I can't remember, but I'll measure it for you next time I get there.


----------



## NHo (May 26, 2013)

NHo said:


> The body is walnut, the top is ash.
> The neck is 5pc mahogany/maple
> The fingerboard is maple.



I'm thinking on the right pickup option (bridge only). Any suggestions?


----------



## muffinbutton (May 26, 2013)

NHo said:


> I can't remember, but I'll measure it for you next time I get there.



Thanks a ton dude!


----------



## NHo (May 26, 2013)

muffinbutton said:


> Thanks a ton dude!



No prob.


----------



## NHo (Jun 1, 2013)

Latest news: the pickup will be Lundgren M7 
And the custom bridge is ready for the paintjob:


----------



## NHo (Jun 1, 2013)

The saddles are from the 8 string hipshot bridge. (there are the piezos is that)


----------



## AwDeOh (Jun 1, 2013)

Nice job on the bridge dude, was that done by hand or CNC?


----------



## NHo (Jun 1, 2013)

AwDeOh said:


> Nice job on the bridge dude, was that done by hand or CNC?

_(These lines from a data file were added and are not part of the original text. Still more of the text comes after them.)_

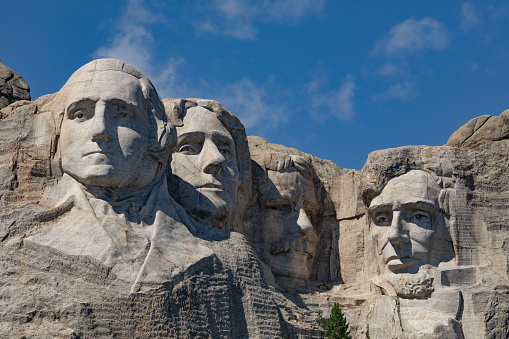 Landscape, daytime, close up image of all of Mount Rushmore against a clear blue sky.
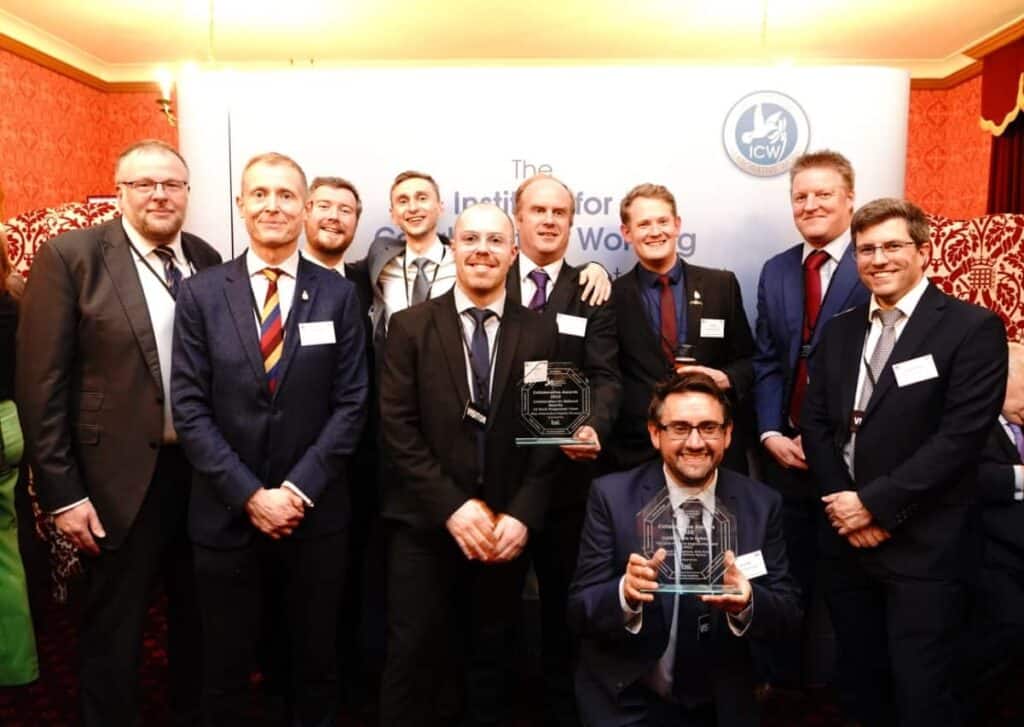 Group photo of the teams with their trophies at the Institute of Collaborative Working Awards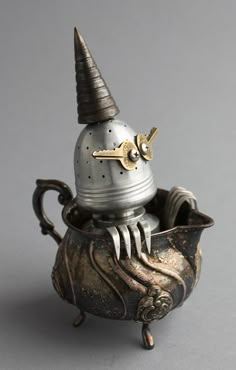 an old fashioned teapot with a key in it's mouth and a metal cup on the side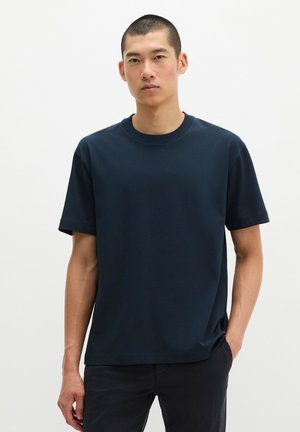 Jonge man met kort haar die een effen donker marineblauw T-shirt met korte mouwen en een zwarte broek draagt, staat met één hand in zijn zak.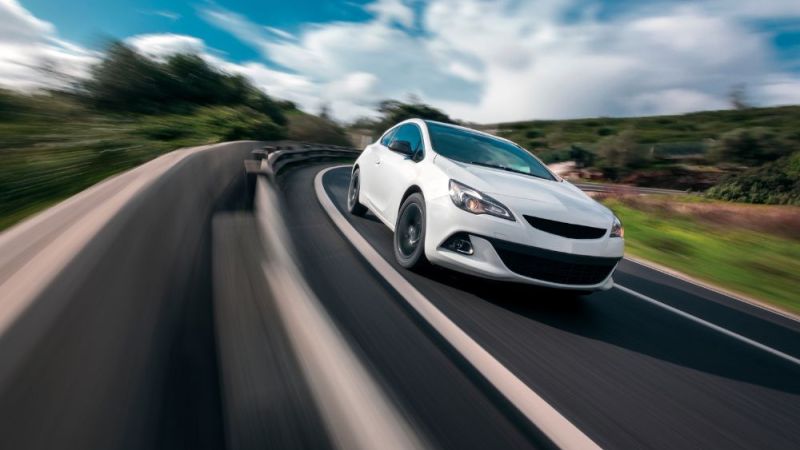 White car cornering in mountain road with speed blur
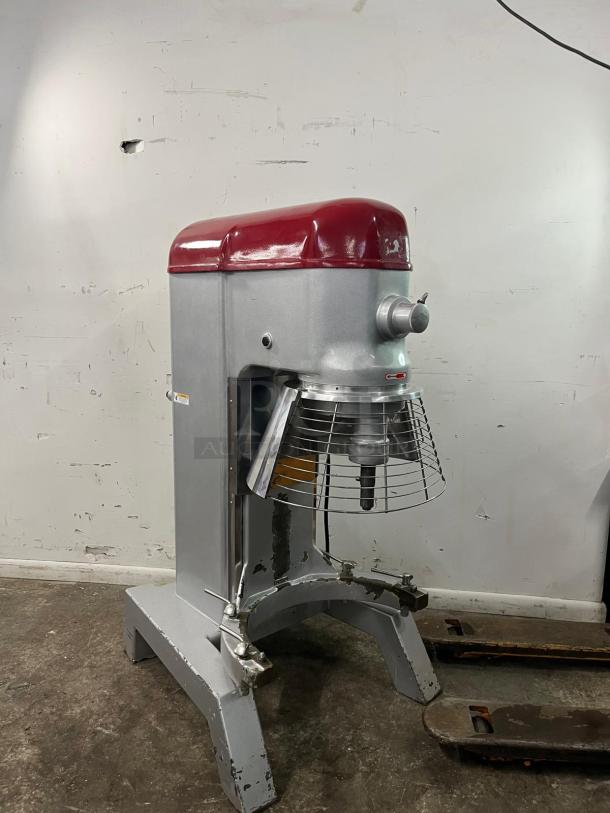 AXIS AX-M80 planetary mixer, silver and red, used condition. Features safety guard, sturdy legs for stability. Model labeled clearly.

CNC of course..it turned out quite precise 
Maybe a bit high, but I can live with it happily


----------



## eddiewarlock (Jun 2, 2013)

Beautiful guitar! i love working with purpleheart. Paradoxically enough, when i lived in Venezuela the stuff was readily available as it is a local wood. Here in Spain i have maple, but can´t find any purpleheart.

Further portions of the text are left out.